この弾薬庫基地は,軍人が約30~50名ほど,軍属が約80名ほどで構成されており,守備隊長は,松下少尉という人でした。また私たちの担当教官は木藤兵長,中島上等兵の2名でした。
第4 毒ガスを遺棄するに至った経緯
1 毒ガス遺棄の直前の状況
以上のように,私は興隆鎮の弾薬庫基地で警備の任務にあたっていたのですが,昭和20年8月上旬頃,私に旅順の部隊に入隊せよとの召集令状が発令されたのでした。私と同様に,興隆鎮の弾薬庫基地から20名ないし30名の軍属が招集されました。
そこで,私たちは,旅順の部隊に入隊するため,直ちに興隆鎮を出発しました。先程述べたとおり,基地の中ではカレンダーや暦の一切ない生活でしたので,興隆鎮を出発した正確な日付は分かりません。
ところが,私たちが列車で旅順に向かう途中,ハルピンで,突然,召集解除となったので,できるだけ早く現隊に復帰するようにと指示を受けたのです。

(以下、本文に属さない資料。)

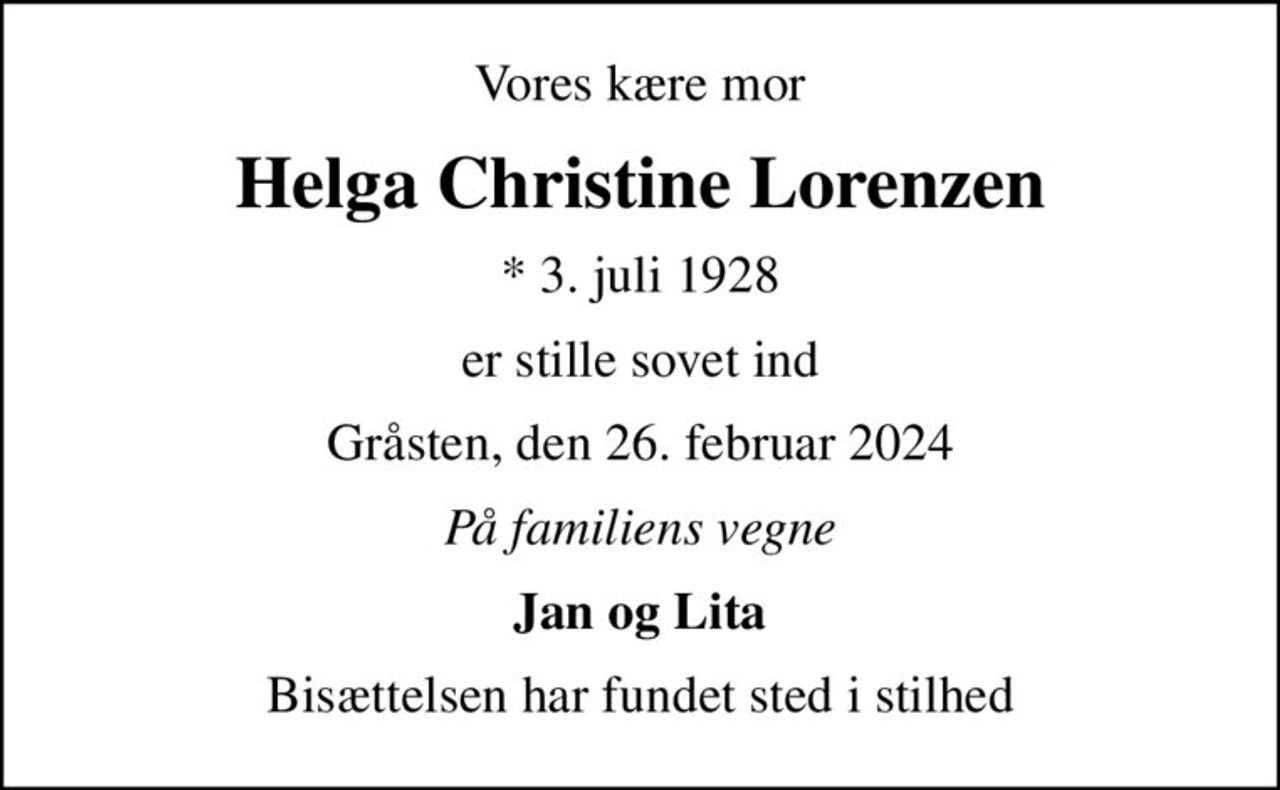 Vores kære mor
Helga Christine Lorenzen
* 3. juli 1928
er stille sovet ind
Gråsten, den 26. februar 2024
På familiens vegne
Jan og Lita
Bisættelsen har fundet sted i stilhed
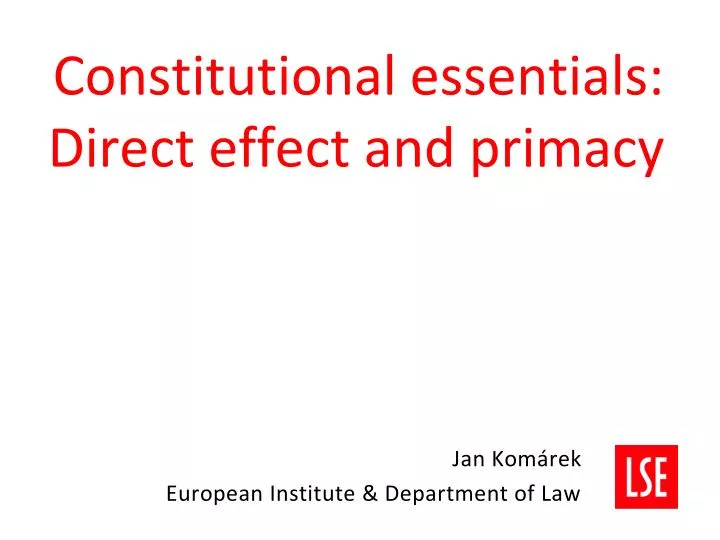 constitutional essentials direct effect and primacy
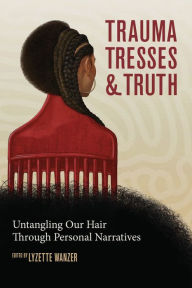 eBooks free download Trauma, Tresses, and Truth: Untangling Our Hair Through Personal Narratives RTF in English by Lyzette Wanzer, Lyzette Wanzer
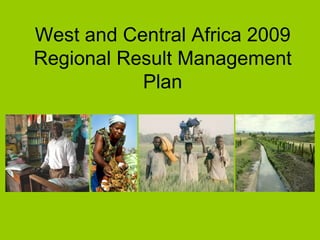 West and Central Africa 2009 Regional Result Management Plan 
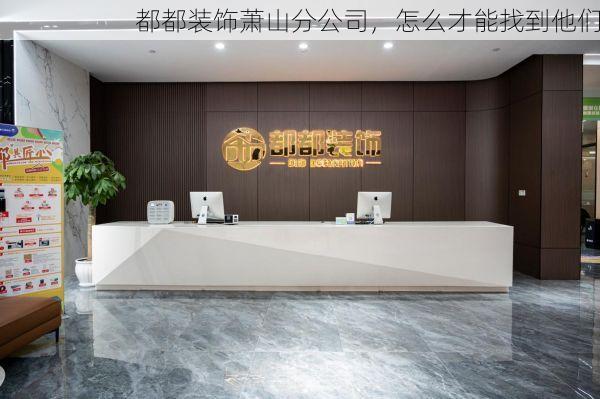 都都装饰萧山分公司，怎么才能找到他们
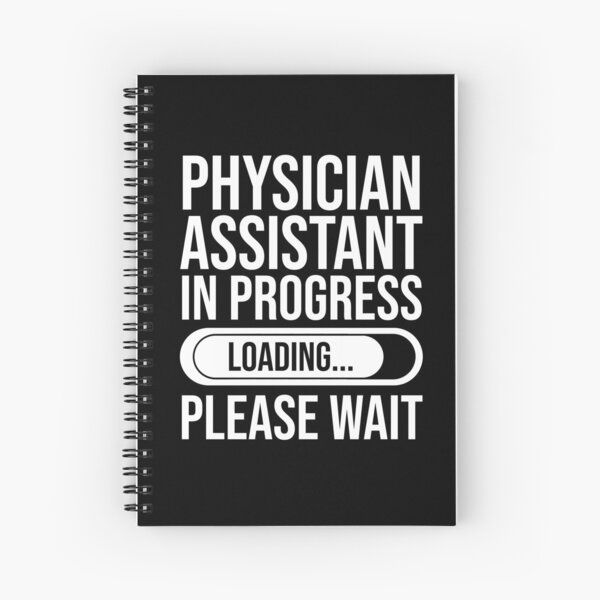 Item preview, Physician Assistant In Progress Loading Please Wait : Funny Physician Assistant T-shirt Coworker Gag Gift For Men And Women (Birthday, Halloween, Christmas & Thanksgiving Gifts Idea) designed and sold by Letaf.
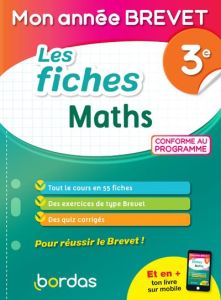 Les fiches Maths 3e. Edition 2021 - Gélébart Yann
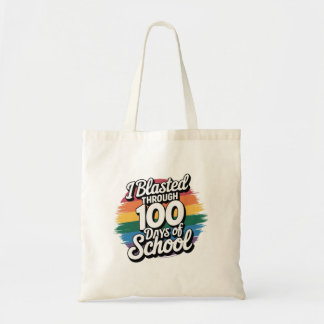 I Blasted Through 100 Days of School Rainbow Tote Bag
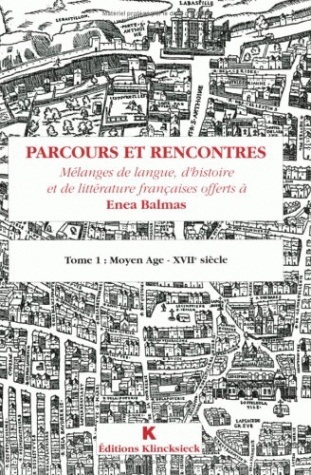Parcours et rencontres, Tome 1 : Moyen-Age - XVIIe siècle / Tome 2 : XVIIIe siècle - XXe siècle (9782252028339-front-cover)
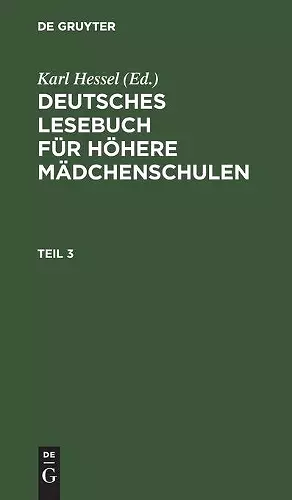 Deutsches Lesebuch Für Höhere Mädchenschulen. Teil 3 cover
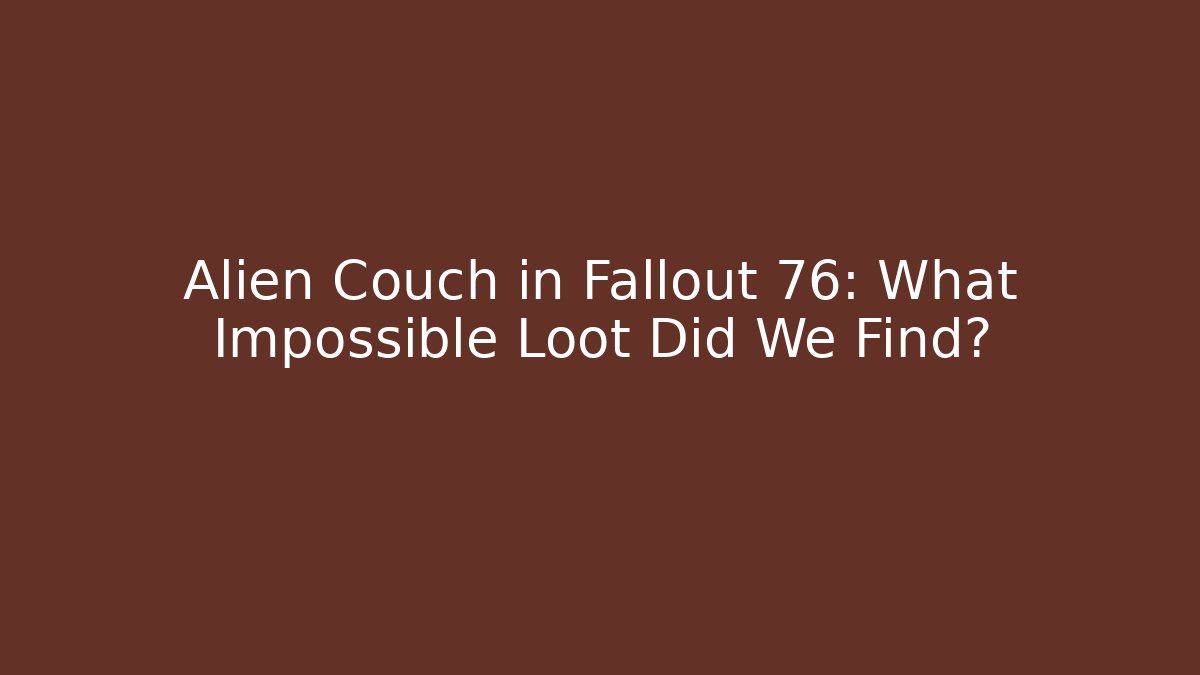 Alien Couch in Fallout 76: What Impossible Loot Did We Find?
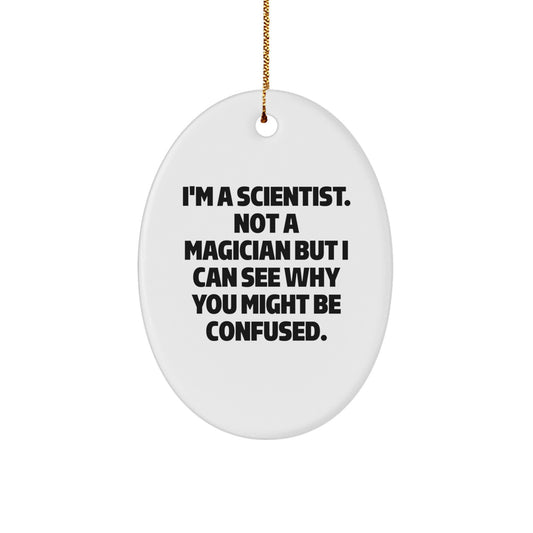 Funny Scientist Gifts for Men, Christmas Unique Oval Ornament, I'm A Scientist, Not A Magician Gifts from Friends, Colleagues, Family - Image 1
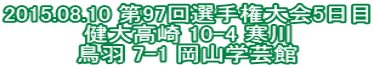 2015.08.10 第97回選手権大会5日目 健大高崎 10-4 寒川 鳥羽 7-1 岡山学芸館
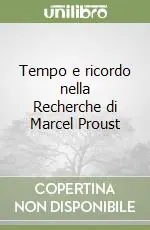 Tempo e ricordo nella Recherche di Marcel Proust Prezzo Scontato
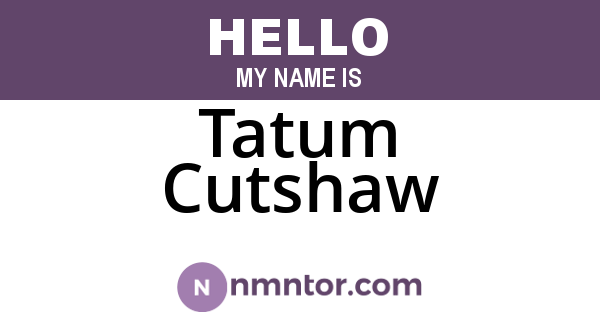 Tatum Cutshaw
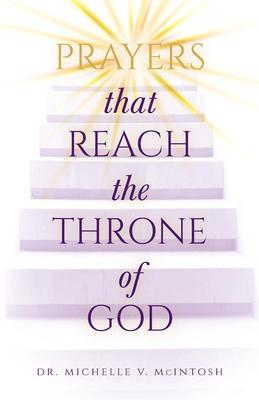 Prayers That Reach the Throne of God - Michelle Mcintosh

私たちには詳しい理由の説明はありませんでしたので,何が起きていたのかはよく分かりませんでした。
しかし,そのときのハルピンの状況は,北から南へと避難してくる人達でごった返しており,列車も全く動かない状況であったのです。そこで,私たちと同様に,各部隊から旅順に入隊するため,ハルピンに集結していた人たちの中から,機関士の経験のある者を集めてハルピン駅の構内に放置されていた機関車,貨車,客車を連結させるなどの作業をして,ようやく列車が動き興隆鎮に帰ることができたのでした。
2 毒ガス砲弾の遺棄命令
私たちが興隆鎮に帰り着いた翌日か翌々日,全員に集合がかかり,隊長から命令が下されました。その命令は,「これから直ちに全員で,弾薬庫の中にある赤色と黄色の付いた弾薬を地面に穴を掘ってできるだけ深く埋めろ。全力をもって4, 5日で終わらせるように。」という内容でした。
このとき,隊長からは理由の説明は全くありませんでしたが,その後,作業中に,兵隊達が,棄てている砲弾が毒ガス弾であること,また,国際条約に違反したものであることを,ひそひそと話しておりました。
3 毒ガス砲弾の遺棄作業
毒ガス砲弾の処分作業は,まず,隊にいた全員が4, 5班に分けられ,各班毎に4キロメートル四方はある基地内を地区毎に分担して行うことになりました。
私たちの班が担当した地区は,別紙2の図面を,正門のあるほうを上にして見たときに,ちよど右下の部分にあたります。
私たちは,まず,任された地区に行き,弾薬庫から砲弾の入った木箱を運び出しました。
その後,穴を掘る作業を始めたのですが,私たちの班が任された地区は地盤が固く,なかなか作業がはかどりませんでした。そのとき,班長が「穴を掘るより井戸の中に投げ込んだ方が早い。」と言い,近くにあった古井戸に砲弾を投げ込むことになりました。私たちは,班長の指示に従い,次々と木箱を井戸の中に投げ込みました。作業の途中からは,木箱がかさばるため,木箱を壊して中に入っていた砲弾を取り出し,その砲弾だけを投げ込んだのです。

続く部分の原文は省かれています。